Supplied information
* * * *

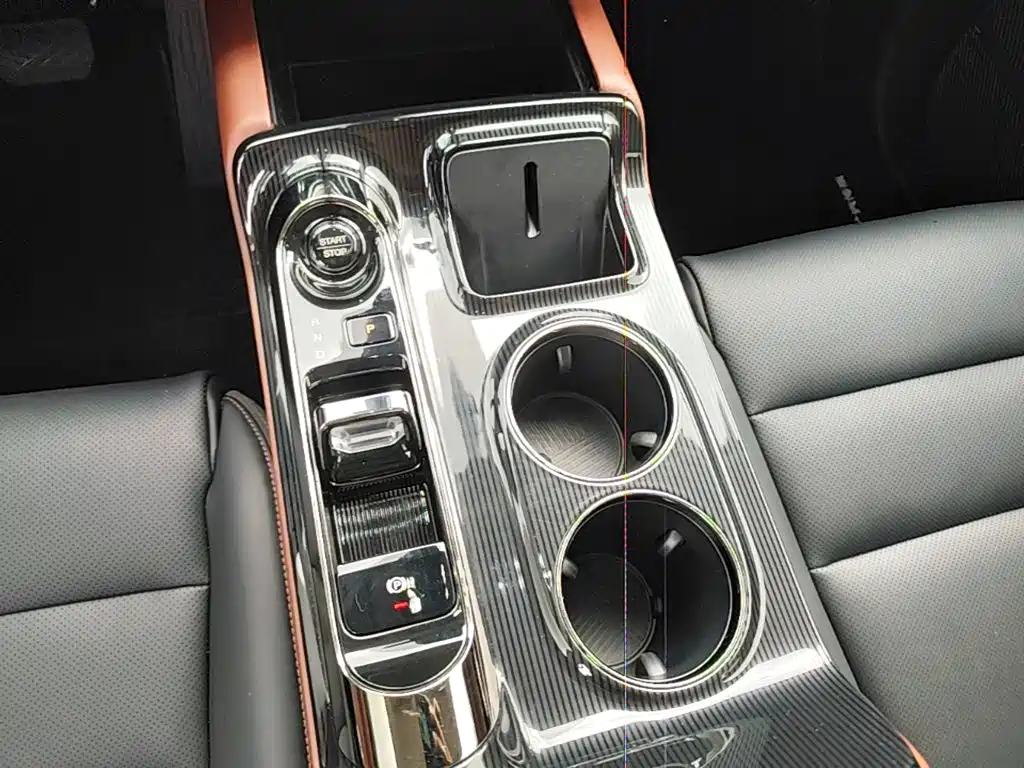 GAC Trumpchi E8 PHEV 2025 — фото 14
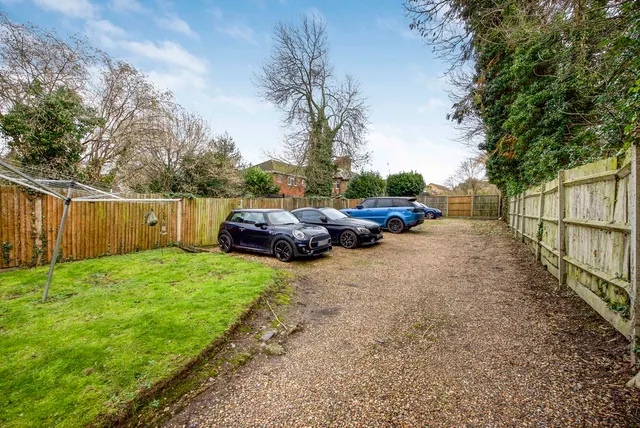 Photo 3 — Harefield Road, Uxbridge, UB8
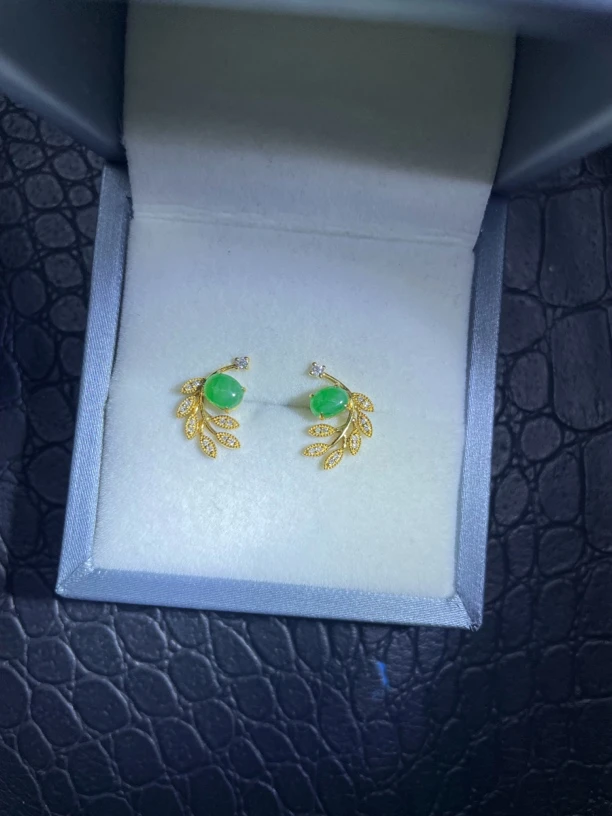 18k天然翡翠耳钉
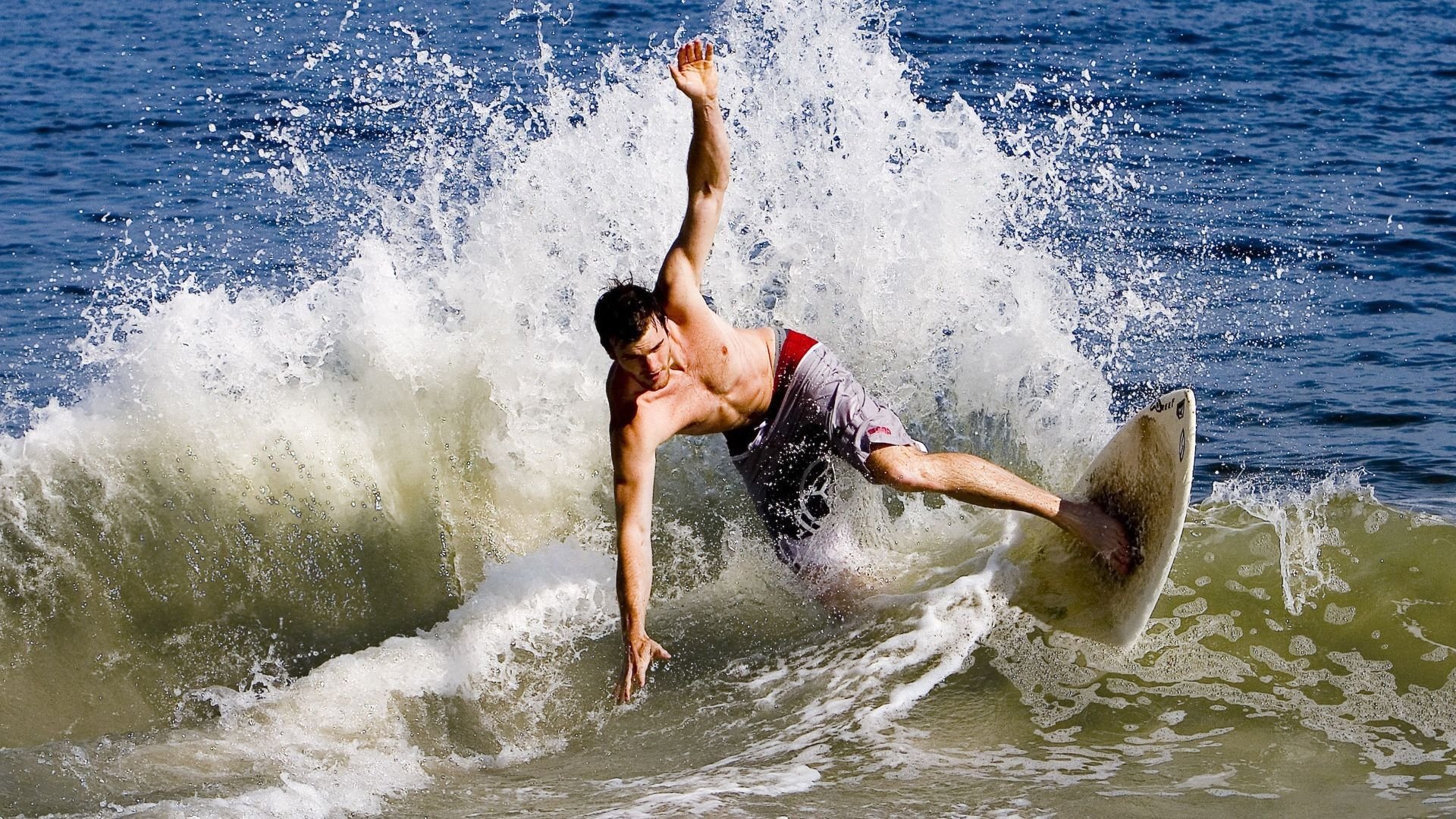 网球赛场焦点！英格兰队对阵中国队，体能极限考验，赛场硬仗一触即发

* * * *

The material must be returned exactly, with its pictures omitted.

 GAC Trumpchi E8 PHEV 2025 — фото 14
 Photo 3 — Harefield Road, Uxbridge, UB8
 18k天然翡翠耳钉
 网球赛场焦点！英格兰队对阵中国队，体能极限考验，赛场硬仗一触即发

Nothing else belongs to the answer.